That's not true. freeglut had a 'lull' in development - but it's very
active right now.
However, you could consider both GLUT and freeglut "finished". Once
a piece of software is finished, you don't expect a whole lot of traffic
on it's mailing list!
> > The question is: does it make sense to begin a project based on GLUT, or the
> > best solutions are still ALLEGRO and SDL?
> > I suppose many people here are creating linux games.
> > Then i'd like to know what are they using for the basic IO.
> I would say Glut is best suited for demos and little proofs of concept
> than games, but I really don't know it that much.
I disagree.

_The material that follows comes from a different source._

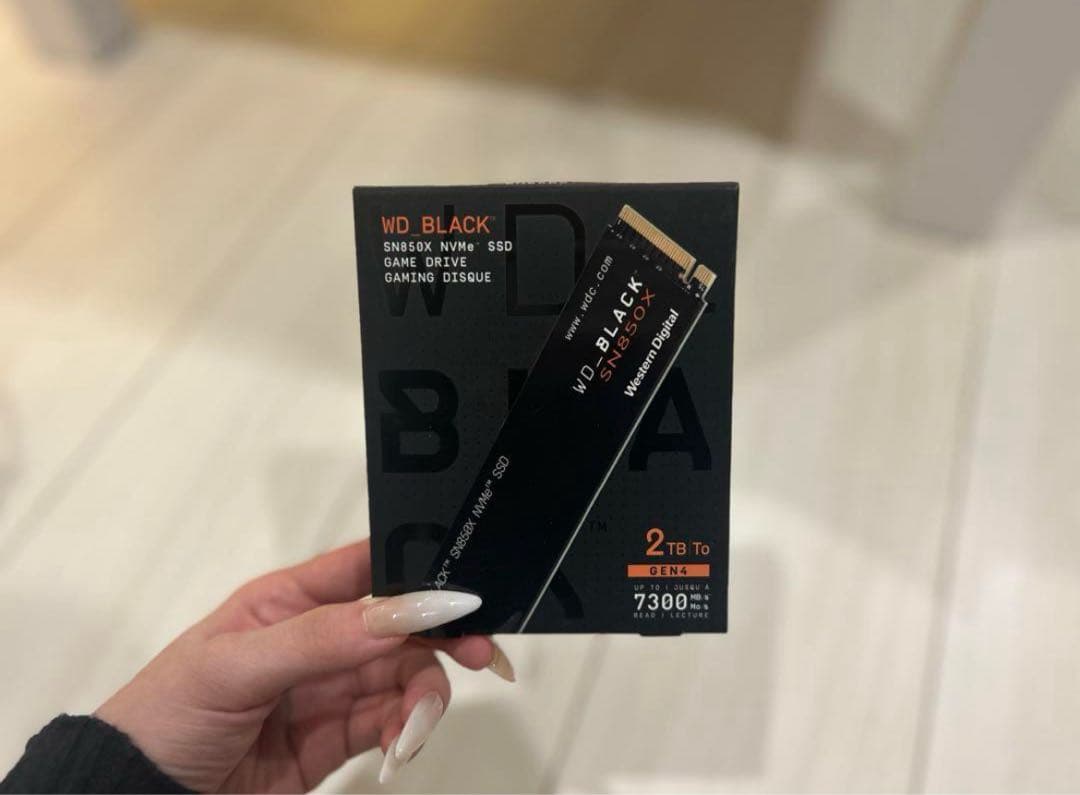 内蔵型SSD WD_BLACK SN850X 2TB NVMe SSD Western Digital WD Black SN850X WDS200T2X0E (M.2 2280 2TB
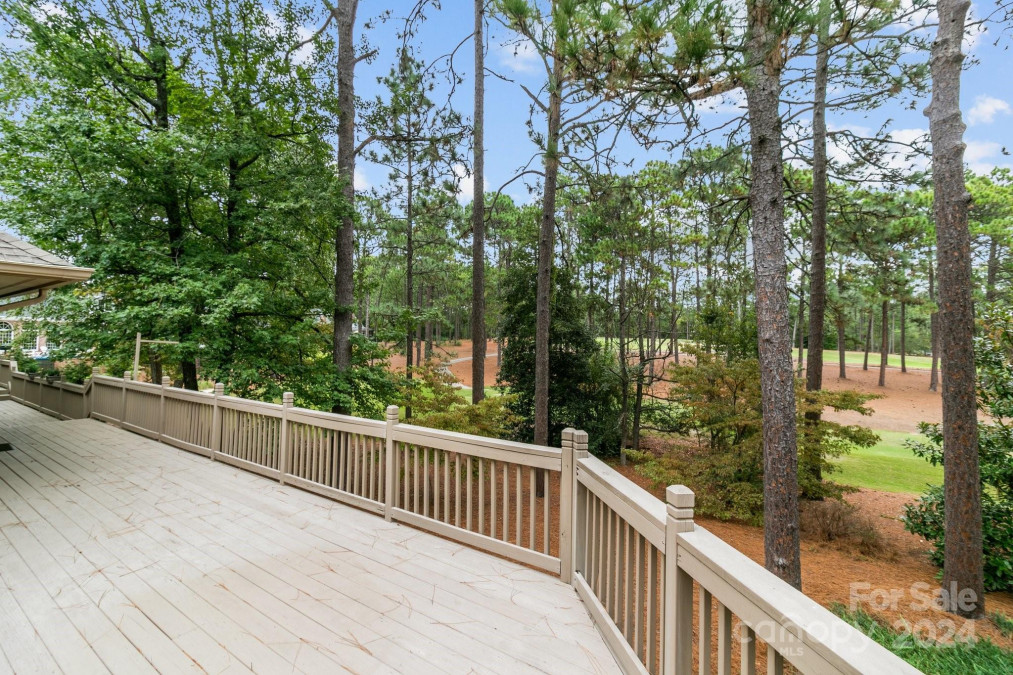 5 Hearthstone Rd Pinehurst, NC 28374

I've used GLUT (and freeglut) for lots of games and game-like
things (including a multi-million dollar F16 simulator!)
GLUT is VERY simple. That cuts both ways.
If you don't need anything fancy, it's great - there is a low learning
curve - and because GLUT is used in all the standard OpenGL books, there
are examples EVERYWHERE. It's pretty much bug-free because it's been
around for so long...and if you have a problem, the source code is SO
simple, you can easily dive in to debug your problem with GDB or by
stuffing printf's into the source.
OTOH, if you NEED something much fancier, GLUT can be a real pain.
SDL may well be a better choice - but there is more to learn, more
to go wrong, etc, etc.
In a few places, you read that GLUT is slow. That's an urban legend
and I can assure you it's bullshit. If someone tells you that, hit
them with a clue-stick. All you are likely to use GLUT for is opening
the OpenGL window, reading the keyboard and mouse. Those are extremely
infrequent events and it matters not one jot how fast the code is because
you run it *so* rarely.
> If you want to create
> 3D games, there are some librairies availables : SDL and Allegro (with
> AllegroGL) as you said or ClanLib. There are several game engines too
> like PLIB, Crystal Space, OGRE, NeoEngine, NeL, etc. It all depends
> on what you want to do, what languages you are familiar with and which
> level of control you need on the library.
Yes - exactly.
Steve Baker (817)619-2657 (Vox/Vox-Mail)
L3Com/Link Simulation & Training (817)619-2466 (Fax)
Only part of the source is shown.